The following pages is an attempt to shed some light on the lives of the actual families and their individual members.
From c. 1850 the majority of large scale retail and production enterprises in Gorodnia uezd have been in the hands of Ukrainian and Russian businessmen. Regional records show a large number of factories, river ports, and shipping lines. Very few of those were in the hands of Jewish merchants. The geographical concentration of the businesses was much higher along the Dnieper river bank. Jewish trade activities in Repki were mostly local. During the Tsar's time, the only information referring to merchants of Guild 1 and 2 was printed in the local business directories. This is why we do not see Jewish names in the Repky/Gorodnia business directories.
The first details of professional affiliations emerged from the recently published ДАЧгО, ДАКО, and YIVO archives. We used ДАЧгО Р-4533-1-1 and ДАЧгО Р-4533-1-14 as a baseline. Our assumption is that professions have not changed significantly over the 1890-1925 time period. In addition, Gimelberg and Volfson families offered event recollection from 1890-1921.
Repky was one of the centers of Jewish religious community. Between the 1890 and ~ 1921 town's cheder had 4 melameds. This indicates a school with a significant number of students. According to a 1904 report by J.C.A. (Jewish Colonization Association), there were 413 rabbis and 429 melameds serving Jewish community of the entire Chernigov gubernia [a data point from the rare book only available in Russian].

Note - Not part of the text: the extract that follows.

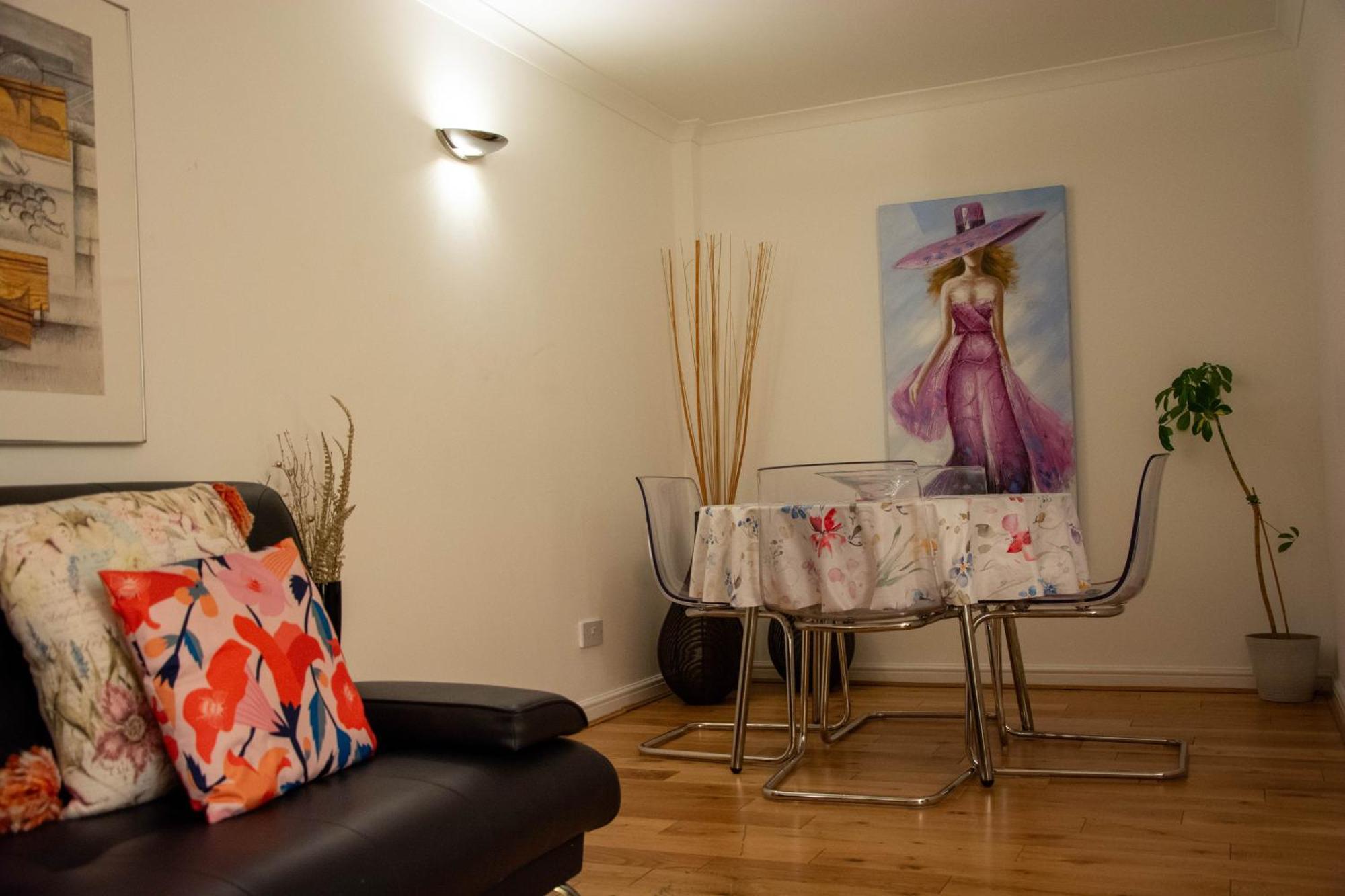 Meridian Canary Wharf Close To Excel And O2 * London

Some Jewish kids were also attending Russian "gymnasium" (Russian: гимназия, English transliteration: gymnasia). According to the Gimelberg family recollection, all boys and girls of the family were fluent in Yiddish, Hebrew and Russian.
From 1914-1917 Repky's younger families moved to the larger cities. Bolsheviks welcomed educated Jews to their professional organizations. For the first time in their lives Jews were able to participate in a variety of businesses, seemingly without quotas. For that reason, many former Repky residents moved to Chernigov, Kiev, Moscow and Petrograd. Their WW-II evacuation and Red Army military draft records show the new places of residence. With this data, one can track the movements of their family through the WW-II and post-war USSR.
WW-II effectively ended Jewish Repky. Yet from the WW-II evacuation and Red Army service records we can see that Repky residents lived on. The civilians acquired new professions. Good number of Jews have survived the WW-II battles. All of them moved elsewhere. The only memories of the old shtetl are those of our grandparents. We should retell it forward.